Soviet Navy's Kirov-class cruiser

Kalinin (Калинин) was one of six s (officially known as Project 26) built for the Soviet Navy in the Russian Far East from components shipped from European Russia during World War II. The ship was one of the last pair constructed, known as the Project 26bis2 subclass. Completed at the end of 1942 and assigned to the Pacific Fleet, she saw no action during the Soviet–Japanese War in 1945 and served into the Cold War. Sometimes serving as a flagship, her post-war career was uneventful until she was disarmed and converted into a floating barracks in 1960. She was scrapped in the early 1960s.

==Description==
The design of the Kirovs was derived from the Italian light cruisers, modified to suit their more powerful armament. The two Project 26bis2 ships were slightly larger than the earlier Project 26 and 26bis ships and were fitted with a different anti-aircraft armament. Kalinin was 187 m long at the waterline, and 191.2 m long overall. She had a beam of 17.66 m and had a draught between 5.88 and 6.3 m. The ship displaced 8400 t at standard load and 10040 t at full load. Her crew numbered 812 officers and men during wartime.

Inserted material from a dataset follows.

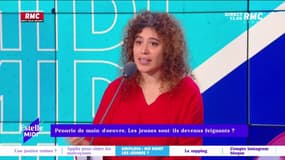 Pénurie de main d'œuvre. Les jeunes sont-ils devenus feignants ?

The Kirov-class ships were powered by two sets of TV-7 geared steam turbines, each driving a single propeller shaft using steam provided by six Yarrow-Normand boilers. The turbines were designed to produce 110000 shp which was intended to give the ships a speed of 37 kn. On her sea trials, Kalinin only reached 36 kn from 126900 shp. Without overload power, she was only capable of 32.5 kn in 1945. The Kirovs carried enough fuel oil to give them an endurance of 5590 nmi at 18 kn.

===Armament, protection and sensors===
The main battery of the Kirov class consisted of nine 180 mm B-1-P guns in three triple-gun turrets, a superfiring pair forward of the superstructure and one aft. Unlike her earlier half-sisters built in European Russia, her secondary armament initially consisted of eight single 76.2 mm 34-K anti-aircraft (AA) guns mounted on each side of the rear funnel because the 100 mm B-34 guns originally intended to be used had run into production problems. The 34-K guns were a stop-gap until the Army 85 mm 52-K AA gun could be mated with the mount of the 34-K and put into production as the 90-K. They replaced the 34-K guns in May 1943. Light AA guns initially consisted of six semi-automatic 45 mm 21-K AA guns, ten fully automatic 37 mm 70-K AA guns, and six 12.7 mm machine guns, but were significantly increased during the war. By 1945 Kalinin had exchanged her 21-K guns for nine additional 70-K guns, of which four were mounted on turret roofs and the others in the superstructure. By 1957 her light anti-aircraft armament consisted of only nine powered twin-gun 37 mm V-11 mounts. Six 533 mm 39-Yu torpedo tubes were fitted in two triple mountings, one on each broadside. The cruiser could mount rails to carry between 100 and 164 mines and racks for fifty depth charges, but by 1945, she could carry 100–106 mines and she had been fitted with two or four throwers for her 66 depth charges.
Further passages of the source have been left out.